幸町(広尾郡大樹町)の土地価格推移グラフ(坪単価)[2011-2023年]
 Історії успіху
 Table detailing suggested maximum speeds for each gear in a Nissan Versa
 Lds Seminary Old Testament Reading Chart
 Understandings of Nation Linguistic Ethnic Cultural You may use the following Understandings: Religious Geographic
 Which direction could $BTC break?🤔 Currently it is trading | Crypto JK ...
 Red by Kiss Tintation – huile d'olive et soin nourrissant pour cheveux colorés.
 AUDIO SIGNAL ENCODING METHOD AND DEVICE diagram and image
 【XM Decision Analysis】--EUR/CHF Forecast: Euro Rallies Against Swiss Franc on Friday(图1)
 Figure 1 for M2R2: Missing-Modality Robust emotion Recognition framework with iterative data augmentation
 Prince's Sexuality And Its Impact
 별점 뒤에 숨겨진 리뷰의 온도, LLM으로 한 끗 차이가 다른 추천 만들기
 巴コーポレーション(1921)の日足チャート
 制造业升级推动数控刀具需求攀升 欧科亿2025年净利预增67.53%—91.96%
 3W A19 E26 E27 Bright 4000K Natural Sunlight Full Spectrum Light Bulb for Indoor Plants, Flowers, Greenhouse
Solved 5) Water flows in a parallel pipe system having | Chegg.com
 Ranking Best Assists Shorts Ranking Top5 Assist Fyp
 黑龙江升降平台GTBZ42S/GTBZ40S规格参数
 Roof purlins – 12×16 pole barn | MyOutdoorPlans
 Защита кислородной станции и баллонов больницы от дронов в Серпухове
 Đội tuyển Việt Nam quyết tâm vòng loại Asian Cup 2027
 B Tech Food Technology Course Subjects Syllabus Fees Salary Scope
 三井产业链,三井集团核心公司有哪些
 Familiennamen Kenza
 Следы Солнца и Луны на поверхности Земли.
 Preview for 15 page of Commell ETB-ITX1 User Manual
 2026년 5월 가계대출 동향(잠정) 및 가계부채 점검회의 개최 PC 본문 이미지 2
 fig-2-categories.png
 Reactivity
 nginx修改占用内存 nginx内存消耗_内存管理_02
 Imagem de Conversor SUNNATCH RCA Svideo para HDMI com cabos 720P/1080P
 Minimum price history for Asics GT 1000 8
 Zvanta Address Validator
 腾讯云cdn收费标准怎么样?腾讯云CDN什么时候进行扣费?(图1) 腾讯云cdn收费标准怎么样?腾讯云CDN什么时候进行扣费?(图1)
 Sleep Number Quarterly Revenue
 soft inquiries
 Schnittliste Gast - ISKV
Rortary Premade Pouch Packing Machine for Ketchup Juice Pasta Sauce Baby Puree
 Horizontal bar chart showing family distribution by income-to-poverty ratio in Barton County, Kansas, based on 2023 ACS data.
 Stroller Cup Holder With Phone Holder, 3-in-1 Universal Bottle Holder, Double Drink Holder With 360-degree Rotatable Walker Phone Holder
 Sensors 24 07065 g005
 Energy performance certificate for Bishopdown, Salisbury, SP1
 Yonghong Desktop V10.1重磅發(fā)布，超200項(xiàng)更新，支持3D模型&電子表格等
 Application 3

----------

For the string "data", show each line of the entries above where it occurs.

 Figure 1 for M2R2: Missing-Modality Robust emotion Recognition framework with iterative data augmentation
 Horizontal bar chart showing family distribution by income-to-poverty ratio in Barton County, Kansas, based on 2023 ACS data.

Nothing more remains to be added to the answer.